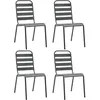 Image de Chaises D'extérieur Lot De 4 Design À Lattes Acier Gris Foncé Vidaxl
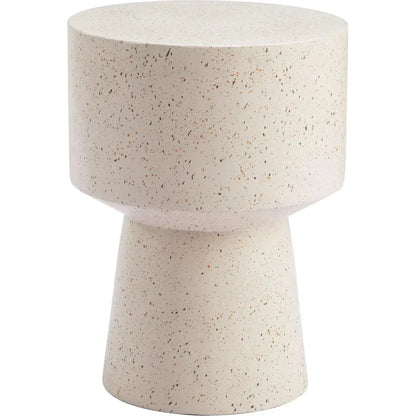 Masko Metal Beige Round Side Table - LOOMLAN - Zuo Modern - Side Tables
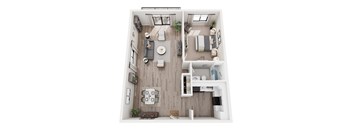 A top-down view of a small apartment with a kitchen, living room, and bedroom.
══════════════════════════════
Please copy the lines above exactly as written, apart from any pictures.

> [Output of the task]
 Image de Chaises D'extérieur Lot De 4 Design À Lattes Acier Gris Foncé Vidaxl
 Masko Metal Beige Round Side Table - LOOMLAN - Zuo Modern - Side Tables
 A top-down view of a small apartment with a kitchen, living room, and bedroom.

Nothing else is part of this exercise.